Dunque riepiloghiamo: la Cia aveva avvertito i servizi spagnoli sul rischio di un attentato proprio alla Rambla. L’Isis già in febbraio aveva minacciato azioni terroristiche nelle aree frequentate dai turisti e il rischio era così elevato che, come ha sottolineato ieri Germano Dottori durante lo speciale su Rai3, alcuni tour operator hanno reclutato in segreto più di 100 ex membri delle truppe speciali britanniche, affinché controllassero siti sensibili, come le spiagge di Ibiza.

Sulla strage di Barcellona è già stato detto quasi tutto, mi limito a due osservazioni.

La prima. Considerato l’altissimo livello di allarme era così difficile blindare le Ramblas con delle protezioni anti intrusione, come avviene in molte piazze europee? Purtroppo siamo di fronte, come già avvenuto a Parigi e a Nizza, a un clamoroso fallimento dei servizi di intelligence, in questo caso spagnoli.

La seconda. E’ giunto il momento di smascherare l’ossimoro dietro a cui si trincerano le autorità dopo fatti come questi. Il refrain è sempre lo stesso: orrore per gli attentati, ma noi siamo migliori, noi non dobbiamo aver paura; dunque dobbiamo continuare a mantenere le frontiere aperte e ad accogliere gli immigrati islamici. Paradossalmente fino ad oggi questo approccio è stato vincente, ma razionalmente non sta in piedi.

Anche l’ultimo attentato in Finlandia è avvenuto al grido di Allah Akbar.

E questo perbenismo porta a inaccettabili forme di autocensura.

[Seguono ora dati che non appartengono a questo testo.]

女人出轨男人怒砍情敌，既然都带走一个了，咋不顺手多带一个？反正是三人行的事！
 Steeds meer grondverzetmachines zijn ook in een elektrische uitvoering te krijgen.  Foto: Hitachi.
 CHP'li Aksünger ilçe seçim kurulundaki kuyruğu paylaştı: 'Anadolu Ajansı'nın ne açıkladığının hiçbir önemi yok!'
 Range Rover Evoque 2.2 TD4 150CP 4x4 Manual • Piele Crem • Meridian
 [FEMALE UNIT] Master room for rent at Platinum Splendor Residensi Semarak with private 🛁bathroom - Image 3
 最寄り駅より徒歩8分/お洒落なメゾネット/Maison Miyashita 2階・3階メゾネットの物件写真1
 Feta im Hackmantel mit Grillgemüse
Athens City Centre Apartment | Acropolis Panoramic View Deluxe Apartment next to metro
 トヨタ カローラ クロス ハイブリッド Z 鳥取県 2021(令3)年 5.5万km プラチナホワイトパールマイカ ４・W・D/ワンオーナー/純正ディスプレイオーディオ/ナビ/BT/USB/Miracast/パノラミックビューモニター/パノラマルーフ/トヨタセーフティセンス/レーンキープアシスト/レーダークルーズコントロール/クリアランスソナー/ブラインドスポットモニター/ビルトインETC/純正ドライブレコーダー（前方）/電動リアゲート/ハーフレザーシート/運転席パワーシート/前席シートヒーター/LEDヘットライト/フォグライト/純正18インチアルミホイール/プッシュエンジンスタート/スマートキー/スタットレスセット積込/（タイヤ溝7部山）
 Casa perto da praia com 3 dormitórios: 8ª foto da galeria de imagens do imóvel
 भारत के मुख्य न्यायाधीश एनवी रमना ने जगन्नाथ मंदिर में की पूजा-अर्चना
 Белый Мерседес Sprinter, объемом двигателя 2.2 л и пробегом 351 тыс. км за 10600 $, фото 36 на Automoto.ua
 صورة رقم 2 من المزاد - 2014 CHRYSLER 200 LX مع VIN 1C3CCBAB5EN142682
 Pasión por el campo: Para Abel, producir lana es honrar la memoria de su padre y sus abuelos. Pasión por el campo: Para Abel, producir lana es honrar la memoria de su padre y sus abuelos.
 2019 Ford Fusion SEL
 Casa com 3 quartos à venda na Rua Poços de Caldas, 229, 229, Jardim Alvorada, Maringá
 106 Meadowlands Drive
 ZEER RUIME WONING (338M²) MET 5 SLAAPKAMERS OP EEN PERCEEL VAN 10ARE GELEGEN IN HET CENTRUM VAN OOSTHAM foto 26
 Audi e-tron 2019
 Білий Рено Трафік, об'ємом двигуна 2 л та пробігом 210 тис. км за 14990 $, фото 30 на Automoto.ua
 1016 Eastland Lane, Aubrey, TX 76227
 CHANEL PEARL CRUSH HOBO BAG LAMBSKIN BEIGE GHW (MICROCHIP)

Guardate queste immagini:



Vi ricordano qualcosa? La prima la conoscete tutti. I media non si sono fatti scrupoli nel mostrare l’immagine del piccolo Aylan, perché serviva a giustificare moralmente l’immigrazione, ma la seconda immagine, segnalata su twitter, non diventerà una hit mondiale. La maggior parte del pubblico non la vedrà mai, eppure mostra un altro bambino di tre anni ucciso assieme alla madre dei terroristi islamici sulla Rambla. Viene censurata. Perché se venisse diffusa susciterebbe un’altra ondata emotiva ma nel senso contrario a quello desiderato dal mainstream multiculturale e globalizzante. E’ un’ipocrisia, ma rivelatrice. Così si gestisce l’opinione pubblica.

Sia chiaro: sebbene le cause del terrorismo non possano essere banalizzate e ha ragione chi sostiene che a destabilizzare il Medio Oriente siamo stati noi occidentali, in primis gli americani in Irak, Afghanistan, Libia e Siria, è innegabile che l’immigrazione incontrollata a cui stiamo assistendo da mesi e che riguarda principalmente l’Italia, sia fonte di destabilizzazione sociale, per la mancata integrazione di masse enormi di migranti a cui è impossibile garantire un lavoro e una normale accoglienza, e dunque di fenomeni estremi, come l’aumento della violenza, della criminalità, dell’estremismo religioso e, infine, del terrorismo.

Ecco perché ha ragione chi manifesta gridando “io non ho paura”. Ma quel grido andrebbe accompagnato con l’urlo: “Enough is enough” come dicono gli inglesi. Ovvero l’immigrazione incontrollata, soprattutto quella islamica, non è più accettabile. Ovvero, in italiano, abbiamo sopportato abbastanza.